Après la mort de Marianne Skoog, Aksel Vinding tente de retrouver goût à la vie. Torturé par la culpabilité, il ne sait plus quelle voie suivre dans sa carrière de pianiste. Jusqu'au jour où il décide de couper les ponts avec tout ce qui le lie à Oslo et de partir pour la Norvège du Nord, dans l'espoir de trouver un nouveau lieu où ancrer sa vie. La rencontre avec Sigrun, la sœur de Marianne, sera déterminante. Sa présence va raviver non seulement le souvenir de Marianne, mais aussi tous les événements douloureux du passé.
 
C’est un récit bouleversant qui laisse une empreinte émotionnelle et musicale en vous, c’est une œuvre poignante, contrastée, nuancée, une musique éclatante.
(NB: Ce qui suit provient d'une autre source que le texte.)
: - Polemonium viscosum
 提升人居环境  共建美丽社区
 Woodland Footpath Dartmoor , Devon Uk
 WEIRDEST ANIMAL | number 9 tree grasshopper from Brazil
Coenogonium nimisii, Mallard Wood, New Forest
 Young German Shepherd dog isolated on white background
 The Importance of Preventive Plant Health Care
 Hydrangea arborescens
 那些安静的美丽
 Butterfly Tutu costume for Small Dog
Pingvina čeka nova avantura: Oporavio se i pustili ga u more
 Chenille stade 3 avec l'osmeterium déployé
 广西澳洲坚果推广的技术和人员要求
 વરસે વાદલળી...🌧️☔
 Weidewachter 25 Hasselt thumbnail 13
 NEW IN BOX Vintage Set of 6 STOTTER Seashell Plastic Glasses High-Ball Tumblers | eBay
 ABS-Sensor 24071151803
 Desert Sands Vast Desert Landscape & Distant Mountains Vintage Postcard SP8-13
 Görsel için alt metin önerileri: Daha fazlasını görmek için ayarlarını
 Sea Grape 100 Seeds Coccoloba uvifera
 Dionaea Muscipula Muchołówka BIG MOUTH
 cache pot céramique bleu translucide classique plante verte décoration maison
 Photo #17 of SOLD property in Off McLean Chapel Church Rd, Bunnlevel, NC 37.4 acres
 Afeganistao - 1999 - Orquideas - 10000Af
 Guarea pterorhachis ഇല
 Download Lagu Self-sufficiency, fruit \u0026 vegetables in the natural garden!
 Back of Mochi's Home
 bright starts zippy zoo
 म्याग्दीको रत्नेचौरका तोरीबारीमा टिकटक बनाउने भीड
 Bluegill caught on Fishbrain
"Histoires d'amour, histoire de deuil, histoires de musique, c'est à ce concert, en crescendo, que nous invite le Norvégien. Son roman est parfois feutré comme du Vermeer, parfois criant de douleur comme une toile de Munch." 
C’est incontournable et magnifique, virtuose en tous points. Pour celles et ceux qui ont la chance de découvrir cette œuvre, vous allez vibrer, pleurer, rire , être subjugués par le talent immense de ce grand écrivain.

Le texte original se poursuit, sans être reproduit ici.